What the MSP430F6748IPZR brings to a metering or instrumentation BOM
What sets it apart from general-purpose MSP430 parts is the integrated 4x24-bit sigma-delta ADC array and a direct LCD driver — these peripherals let a single chip handle analog front-end sampling and a local display, cutting the BOM count for a smart meter or panel instrument.
The 25 MHz clock rate is modest by today's 32-bit MCU standards, but the CPUXV2 architecture is a 16-bit RISC with a three-stage pipeline and hardware multiplier, so it handles 24-bit math from the sigma-delta ADCs efficiently. The 62 I/O pins give room for external memory, serial interfaces, and control lines alongside the LCD segment drive. The internal oscillator trims the BOM by one external crystal for non-critical timing; if you need a precision timebase for the ADC sampling window, you still add a crystal on the LFXT1 pins.

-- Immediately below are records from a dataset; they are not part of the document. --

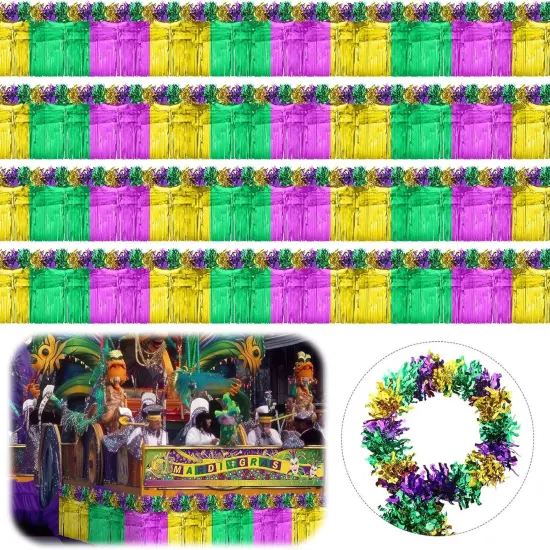 12 Pcs Mardi Gras Wagon Parade Float Decorations Kit Mardi Gras Decor for Trailer Green Gold Carnival Banner Foil Tinsel Garland Golf Cart Decoration for Carnival Party Supplies {2}
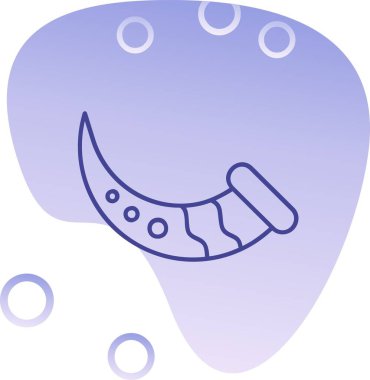 Çizgi film tarzı çizim. Büyük mavi dişli, gülümseyen mutlu yüzün çizimi.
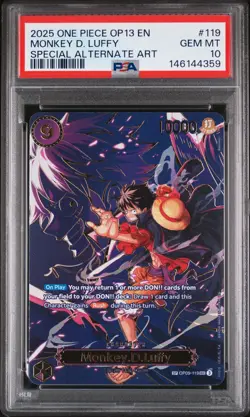 2025 ONE PIECE CARRYING ON HIS WILL SPECIAL ALT ART #119 MONKEY D. LUFFY PSA 10 - Image 1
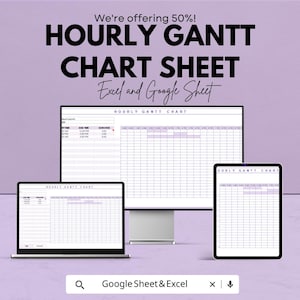 Puede incluir: Un anuncio de una hoja de diagrama de Gantt por horas, compatible con Excel y Google Sheets. La imagen muestra una computadora de escritorio, una computadora portátil y una tableta que muestran el diagrama. El fondo es de color púrpura claro y el texto es en blanco y negro.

The 100-LQFP package with a 14x14 mm body is a hand-solderable QFP with 0.5 mm pitch — reworkable with hot air if you preheat the board, but the fine pitch means a steady hand and flux. No exposed thermal pad; junction temperature rise is modest at the 25 MHz clock, so a standard four-layer board with a ground plane under the package is sufficient.
TI has marked the MSP430F6748IPZR as obsolete.